Hermosa la noche que navegamos en un barco del siglo
diecinueve por el Mississippi, donde las notas de jazz de la
orquesta, cruzaban primero las nubes de vapor de las máquinas y luego el
aroma del vino de nuestra cena romántica, para llegar finalmente a nuestros
corazones.
Interesante ver las casas de la época de las plantaciones,
casas como la que aparece en “Lo que el viento se llevó” y tantas otras.
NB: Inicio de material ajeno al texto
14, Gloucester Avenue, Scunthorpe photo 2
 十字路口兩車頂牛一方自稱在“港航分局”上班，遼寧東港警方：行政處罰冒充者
En una
mansión que pudimos visitar, bastante alejada de Nueva Orleans, se
conservaba todo el mobiliario de aquellos tiempos, incluida una mesa de comer
muy baja dado que la gente en esa época era de menor estatura, y en el techo
había una especie de ventilador para ahuyentar las moscas que manejaba
manualmente un esclavo desde un rincón. Lo mejor estaba en los
extensos jardines con unos árboles de vieja fantasía y lo peor al fondo con las
habitaciones para los esclavos.
Y los dejo descansar. Me hubiera gustado más contarlo con
mapas, fotos, videos, preguntas y comentarios, pizarrón y tizas, una clase de
geografía, pero el liceo de la rambla hace tiempo que cerró y ya no abrirá más.